§ **Required action**
In the data below, one line contains "Torebki Nobo|Torebki Klasyczne>Nobo" and a later one contains "African Large Hoopoe Bowl". Print both, with every line between them, exactly and alone.

*** Opening of Listed entries ***

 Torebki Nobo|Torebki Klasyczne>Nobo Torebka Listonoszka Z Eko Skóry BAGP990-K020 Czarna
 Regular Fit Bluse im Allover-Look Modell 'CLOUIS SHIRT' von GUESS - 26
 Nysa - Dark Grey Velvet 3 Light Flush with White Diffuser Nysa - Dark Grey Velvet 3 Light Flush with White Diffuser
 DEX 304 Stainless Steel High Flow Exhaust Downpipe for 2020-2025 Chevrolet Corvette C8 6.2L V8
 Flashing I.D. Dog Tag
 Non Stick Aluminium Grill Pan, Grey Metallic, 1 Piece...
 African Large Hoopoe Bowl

*** Close of Listed entries ***
*** Opening of Listed entries ***

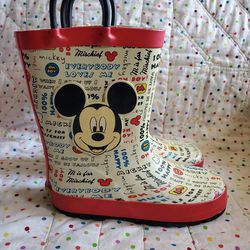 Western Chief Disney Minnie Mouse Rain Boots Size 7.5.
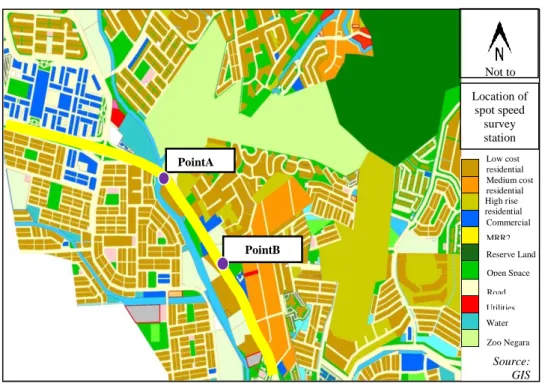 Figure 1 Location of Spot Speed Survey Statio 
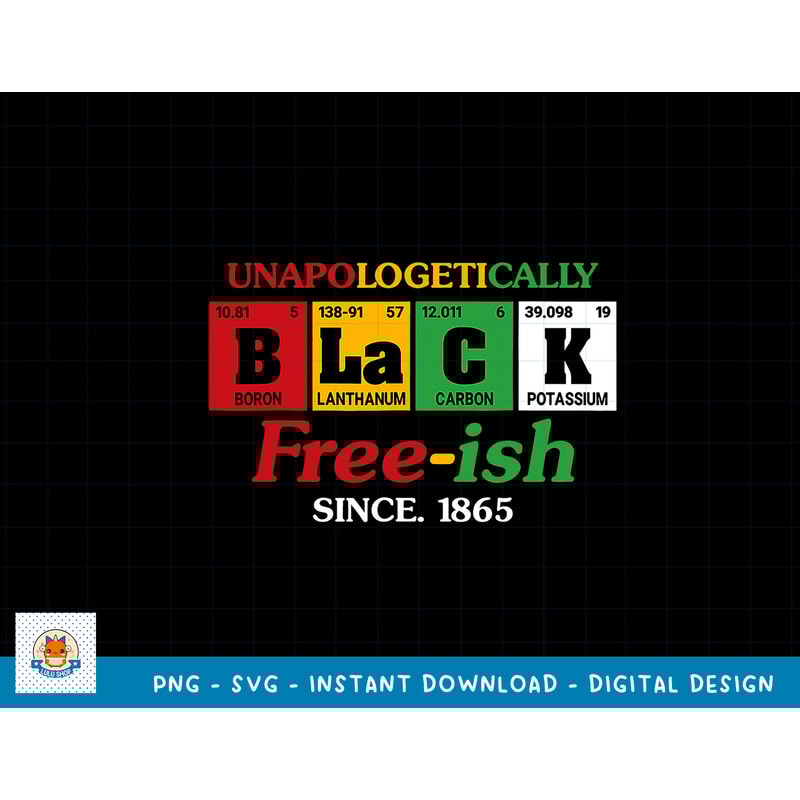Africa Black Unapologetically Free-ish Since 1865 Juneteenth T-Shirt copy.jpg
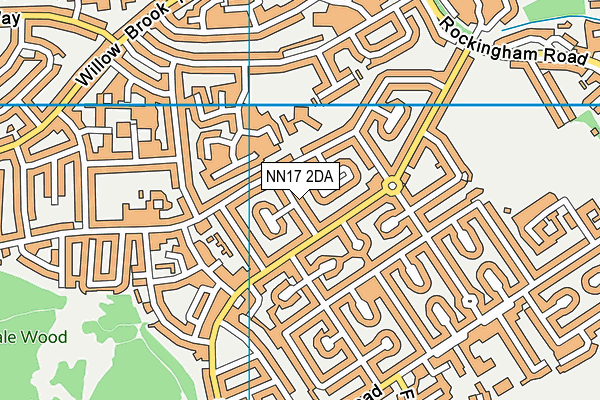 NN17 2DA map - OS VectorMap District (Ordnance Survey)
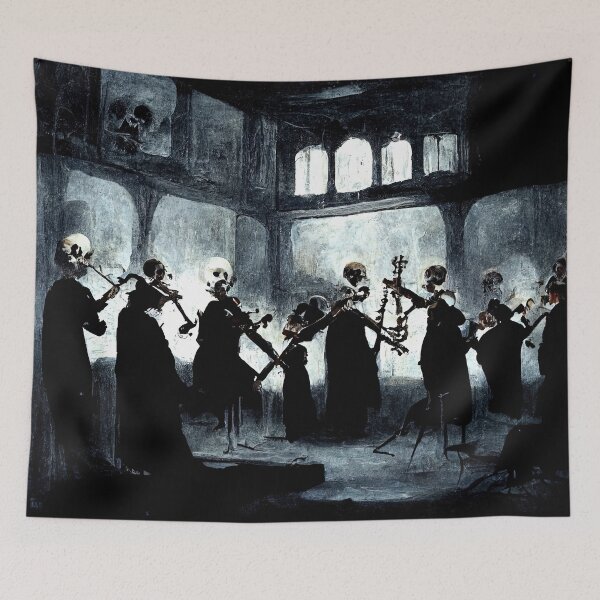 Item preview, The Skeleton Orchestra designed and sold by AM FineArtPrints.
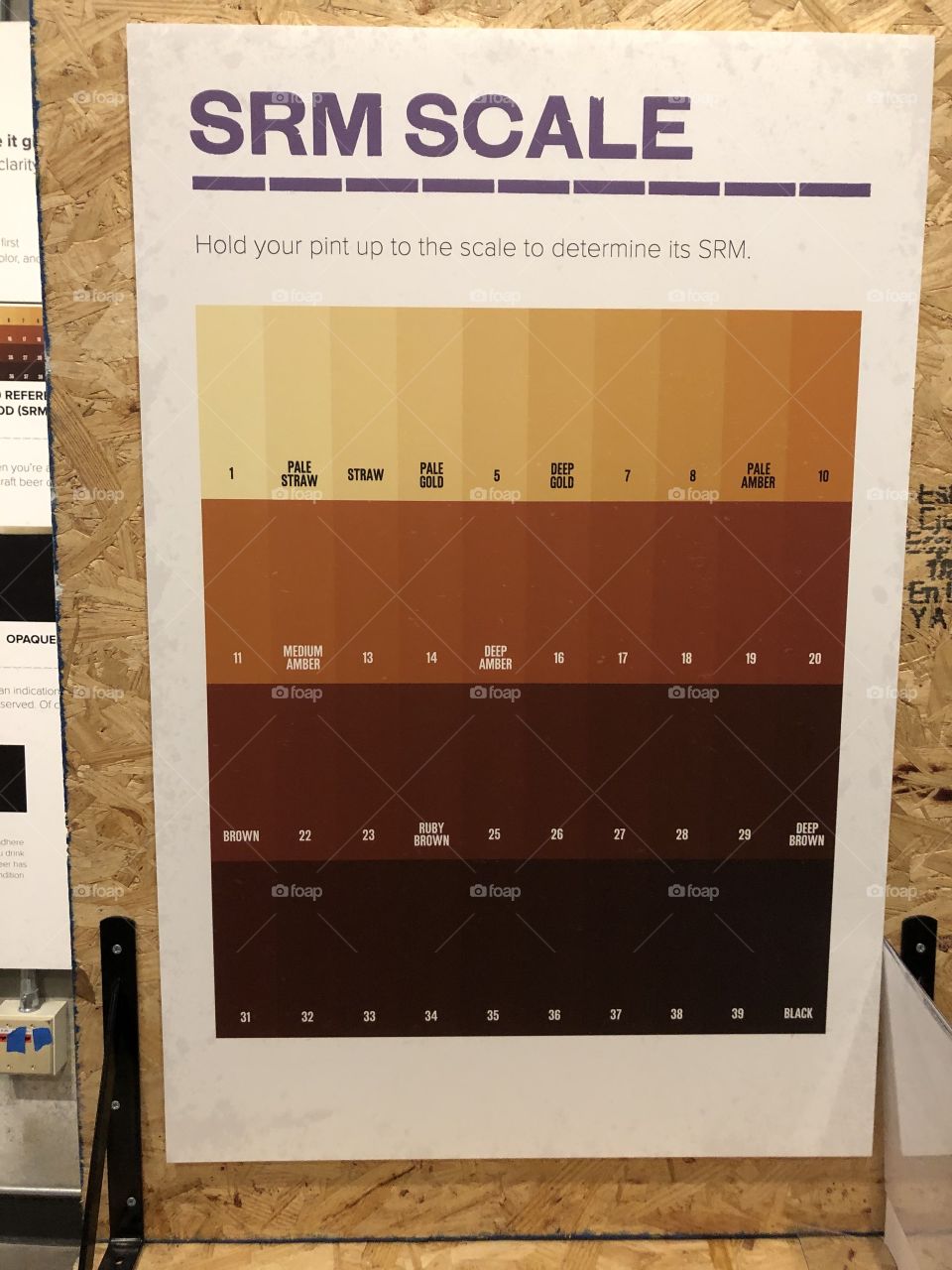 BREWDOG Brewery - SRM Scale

*** Close of Listed entries ***

§ **Exercise answer**
 Torebki Nobo|Torebki Klasyczne>Nobo Torebka Listonoszka Z Eko Skóry BAGP990-K020 Czarna
 Regular Fit Bluse im Allover-Look Modell 'CLOUIS SHIRT' von GUESS - 26
 Nysa - Dark Grey Velvet 3 Light Flush with White Diffuser Nysa - Dark Grey Velvet 3 Light Flush with White Diffuser
 DEX 304 Stainless Steel High Flow Exhaust Downpipe for 2020-2025 Chevrolet Corvette C8 6.2L V8
 Flashing I.D. Dog Tag
 Non Stick Aluminium Grill Pan, Grey Metallic, 1 Piece...
 African Large Hoopoe Bowl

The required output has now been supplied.